Brendan dismissed my talk of the Christy Ring Cup because he entertained it only as much as he would a junior club championship game in his home county.

It annoyed me as did the fact that the Sunday Game hadn’t given any coverage to the game the previous night and made no mention of the fact that Kildare and Westmeath had qualified for a final RTE would be broadcasting live from Croke Park in two weeks time.

Instead the boys on the couch had wrapped the programme with footage of Paddy Harrington, Padraig’s dad, playing for Cork in times gone by, to mark his victory in the British Open for the first time.

RTE were ignoring a competition they were contractually obliged to cover in favour of a tenuous link to our new golfing superstar. However great Harrington’s achievement was it had no place on the Sunday Game, it was the lazy way out for RTE. Instead of putting together a Harrington special at the last minute they dumped something irrelevant onto the Sunday Game.

Larkin had little time for my argument.

“It’s a disgrace,” I roared, losing the run of myself in the argument, while Larkin tried to shout me down until someone told us to quieten down. It was Monday morning afterall but I was adamant about the whole thing and even rang Liveline but couldn’t convince the researchers it was an issue of national importance. Rage has a strange affect.

This year things have changed but the indifference shown the Christy Ring Cup hasn’t and if anything, the fixing of this year’s final on a Friday night in Croke Park, pays the competition even less respect than RTE did last year when they ignored the semi-finals completely.
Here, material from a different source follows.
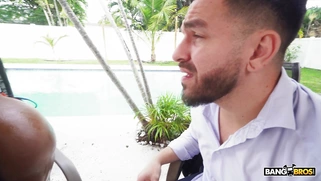 Lacey London gets her ass worshipped by Peter Green poolside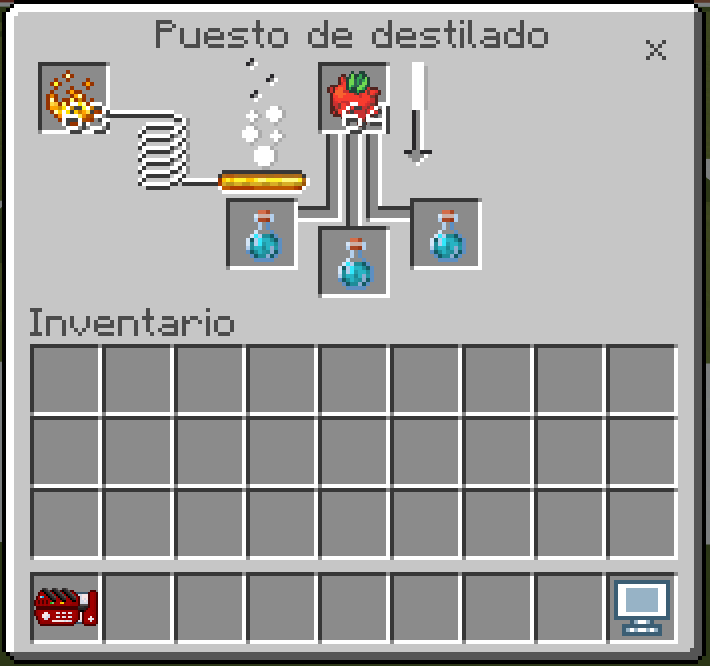 Brewing stand setup for Vitamins crafting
The players won’t agree and neither will the fair-weather supporters that make Croke Park the only place to be for the biggest GAA games of the summer but the decision to play seven games in the place this weekend is complete nonsense. Croke Park may be the focal point of the GAA but that doesn’t mean everybody wants to be there whenever they get the chance.

The place was designed for the really big occasions, that is the nature of any state-of-the-art structure that wants to represent a nation and its passions. It should be a reward to get there rather than a convenient way to play off seven games in one weekend while maximising revenues.

The Christy Ring Cup final has no place in Croke Park on this Friday night or any Friday night of the year. The GAA seems to have lost touch with its audience because if it understood its audience it would realise the folly of playing a game between two rural counties in a city on the Friday night of a bank holiday weekend.

Kildare is a commuter county, like no other county because of its proximity to Dublin and the make-up of its population. The commuters in Carlow and Westmeath, and there are many, aren’t from Carlow or Westmeath, they’re Dubs and Kildare people relocated from the messy urban sprawl closer to the east coast. You don’t need a degree in geography even though you need to know your geography to figure this one.

Carlow and Westmeath GAA supporters, particularly the die-hards who follow hurling, don’t know the commuter lifestyle. They are still rural in their outlook, Monday to Friday is for work, Saturday is for shopping, Sunday is for Mass and sport in the afternoon. For them the best time to go and see a match is at 3.30 on a Sunday afternoon. That is why our All-Ireland final showpieces tend to be played at 3.30 on a Sunday afternoon. It is traditional because it is what we are accustomed to.

The qualifier series is an example of what’s misguided about the GAA fixtures body that decides these things. Donegal and Monaghan played in front of a paltry attendance in Ballybofey at 5pm on a balmy Saturday afternoon. Kildare and Limerick played in front of an enthusiastic crowd at 7pm later that evening.

Kildare people are comfortable travelling because the majority of us are accustomed to it. We know the commute and we deal with it. Travelling to Limerick is only about an hour longer than the time we spend travelling to work everyday.

For the people who might want to support Westmeath and Carlow getting to Croke Park on a Friday evening is a major nightmare. I suppose for some people the idea of the Christy Ring is a bigger nightmare.